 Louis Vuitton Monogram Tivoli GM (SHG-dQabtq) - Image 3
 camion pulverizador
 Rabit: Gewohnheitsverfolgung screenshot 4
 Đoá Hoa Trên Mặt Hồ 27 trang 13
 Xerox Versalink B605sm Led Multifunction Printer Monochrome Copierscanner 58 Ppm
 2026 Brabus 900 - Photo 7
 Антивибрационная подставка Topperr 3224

* * *

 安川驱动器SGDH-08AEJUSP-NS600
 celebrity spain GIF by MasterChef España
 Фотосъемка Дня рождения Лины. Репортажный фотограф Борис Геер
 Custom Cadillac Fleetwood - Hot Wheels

◆ **What is required**:
Return, unchanged, the run of lines above that opens with the line containing "Xerox Versalink B605sm" and closes with the line containing "Антивибрационная подставка Topperr 3224". Include both.

◆ **Exercise response**:
 Xerox Versalink B605sm Led Multifunction Printer Monochrome Copierscanner 58 Ppm
 2026 Brabus 900 - Photo 7
 Антивибрационная подставка Topperr 3224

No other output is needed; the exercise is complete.